WHAT TO WORK ON:
Among the entries below, which lines run from the line with "APPLAWS Cat Adult" through the line with "One for five"? Retype those, both ends included, exactly and without pictures.

PROVIDED RECORDS:
* * * *
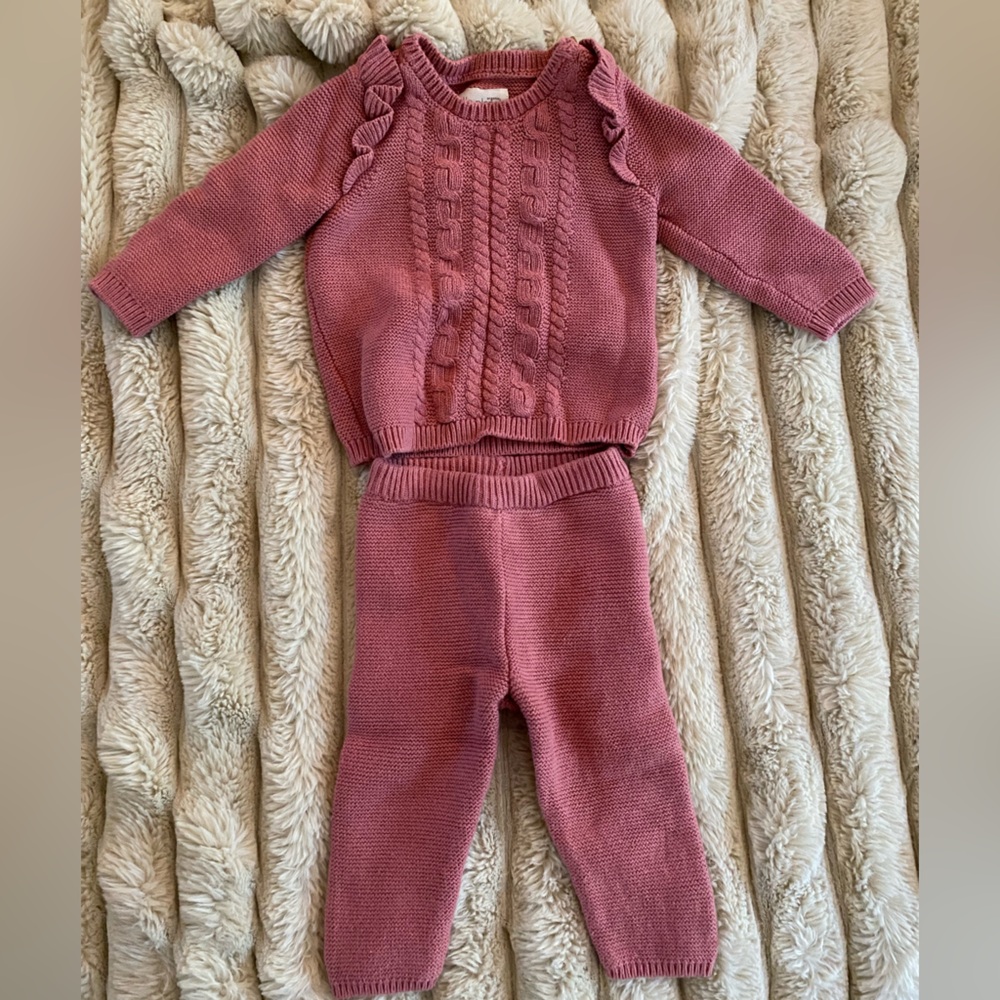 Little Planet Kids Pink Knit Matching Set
* * * *
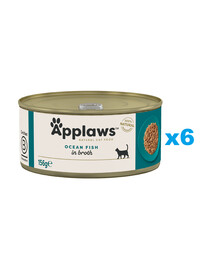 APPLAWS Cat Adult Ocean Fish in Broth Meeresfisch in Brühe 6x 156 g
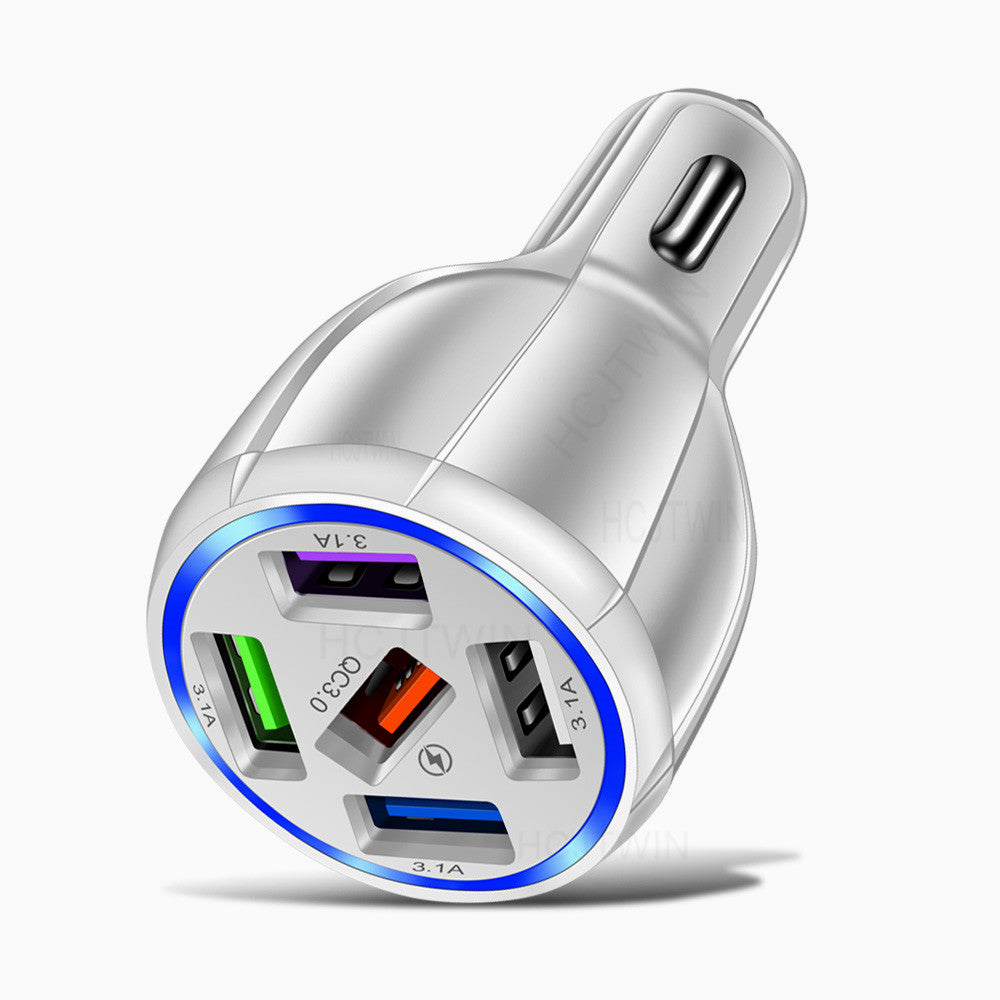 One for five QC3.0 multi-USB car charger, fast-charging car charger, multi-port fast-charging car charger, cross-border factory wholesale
* * * *
PROBLEM SOLUTION:
 APPLAWS Cat Adult Ocean Fish in Broth Meeresfisch in Brühe 6x 156 g
 One for five QC3.0 multi-USB car charger, fast-charging car charger, multi-port fast-charging car charger, cross-border factory wholesale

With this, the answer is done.